Interactive entertainment, including console and PC games, mobile gaming, and eSports is a massive industry. In 2016 alone, the global IE industry was estimated to have generated $91 billion dollars in revenue, with some markets including the Middle East and China experiencing rapid double digit growth. In the United States, 63 percent of households report at least one member who plays video games regularly. Counterintuitively, the average age of the most avid video game purchasers is 38 years old. Perhaps not surprisingly, an estimated 68 percent of adults report playing some form of video game.
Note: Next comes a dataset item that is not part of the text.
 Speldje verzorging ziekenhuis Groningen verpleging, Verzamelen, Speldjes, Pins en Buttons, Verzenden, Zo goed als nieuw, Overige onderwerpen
An important driver of IE's success has been its ability to remain at the cutting edge of technological trends. IE companies have been quick to incorporate and adapt to new technologies at a fast pace. While Virtual and Augmented Reality may seem commonplace several years from now, many consumers will have had their first introduction to such technologies through the IE industry. Similarly, in conjunction with the growth of smart phone penetration, IE companies have been quick to adapt and create sophisticated and high quality products for the mobile format. It is estimated that mobile games alone represented $40 billion of the IE industry’s 2016 revenues.

The popularity of gaming, increased connectivity, and improvements in streaming technology are now spurring advances in the next big gaming trend: eSports. The facilitation and broadcasting of large-scale multi-location gaming competitions is rapidly attracting millions of players and fans. Rapidly becoming one of the fastest growing IE sectors, it has been estimated that by 2019, 427 million people globally will be watching eSports, with eSports revenues estimated to surpass $1.9 billion by 2018; a substantial increase from 2016 revenues of just under $900 million.

As the IE industry continues to move towards previously unimaginable innovations, very few individuals can claim to not only have been a part of the industry since its early days, but also to have been behind many of its advancements. One of these people is Bobby Kotick, the CEO of Activision Blizzard. Throughout his over 30 year career in the industry, Kotick’s leadership has been instrumental in shepherding some of the most successful and well known IE products of all time, including Call of Duty, Candy Crush, World of Warcraft, and Guitar Hero. A University of Michigan graduate, in 2016 he was named by Sports Business Journal as one of the most influential people in the sports business.

Kotick presides over the largest IE company in the world. With a market cap of nearly $37 billion and revenues of $6.61 billion, the company’s reach is astounding. In 2016 consumers spent 43 billion hours playing and watching Activision Blizzard content, nearly double the amount of time users spent on Snapchat and comparable to viewer’s time spent watching Netflix. Whether it’s mobile gaming, eSports, pc and console based gaming, incorporating new technologies like VR or AU into future gaming experiences, or producing original film and television content, Activision Blizzard is a company at the forefront of innovation in the IE space.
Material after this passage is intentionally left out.